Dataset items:
- - - - - - -

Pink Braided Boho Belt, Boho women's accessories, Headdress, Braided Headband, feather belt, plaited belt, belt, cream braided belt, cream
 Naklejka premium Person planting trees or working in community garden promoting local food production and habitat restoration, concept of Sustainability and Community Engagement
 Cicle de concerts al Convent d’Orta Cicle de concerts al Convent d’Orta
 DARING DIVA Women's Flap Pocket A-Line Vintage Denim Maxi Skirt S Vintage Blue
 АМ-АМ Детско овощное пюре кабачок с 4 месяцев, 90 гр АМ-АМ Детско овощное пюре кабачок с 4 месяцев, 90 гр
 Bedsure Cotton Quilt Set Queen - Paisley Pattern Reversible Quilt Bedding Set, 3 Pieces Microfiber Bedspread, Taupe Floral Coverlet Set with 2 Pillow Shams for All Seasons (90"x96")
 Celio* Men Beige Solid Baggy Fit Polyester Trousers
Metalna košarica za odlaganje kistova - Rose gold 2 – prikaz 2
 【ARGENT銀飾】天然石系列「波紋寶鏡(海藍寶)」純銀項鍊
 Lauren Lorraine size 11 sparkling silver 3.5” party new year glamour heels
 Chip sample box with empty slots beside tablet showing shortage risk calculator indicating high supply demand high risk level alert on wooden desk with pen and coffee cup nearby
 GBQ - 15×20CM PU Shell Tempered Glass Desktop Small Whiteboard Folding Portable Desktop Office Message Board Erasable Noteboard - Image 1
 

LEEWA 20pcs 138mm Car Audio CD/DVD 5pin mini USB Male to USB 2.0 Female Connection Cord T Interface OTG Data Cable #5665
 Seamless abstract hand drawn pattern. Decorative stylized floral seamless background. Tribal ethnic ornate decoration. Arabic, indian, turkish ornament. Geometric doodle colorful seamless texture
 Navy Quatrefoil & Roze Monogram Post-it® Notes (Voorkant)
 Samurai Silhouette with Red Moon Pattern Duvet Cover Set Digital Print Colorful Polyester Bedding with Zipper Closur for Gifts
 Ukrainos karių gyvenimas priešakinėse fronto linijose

- - - - - - -

» Problem to work on: Copy each line of the data above that holds "Polyester".

» Finished exercise:
 Celio* Men Beige Solid Baggy Fit Polyester Trousers
 Samurai Silhouette with Red Moon Pattern Duvet Cover Set Digital Print Colorful Polyester Bedding with Zipper Closur for Gifts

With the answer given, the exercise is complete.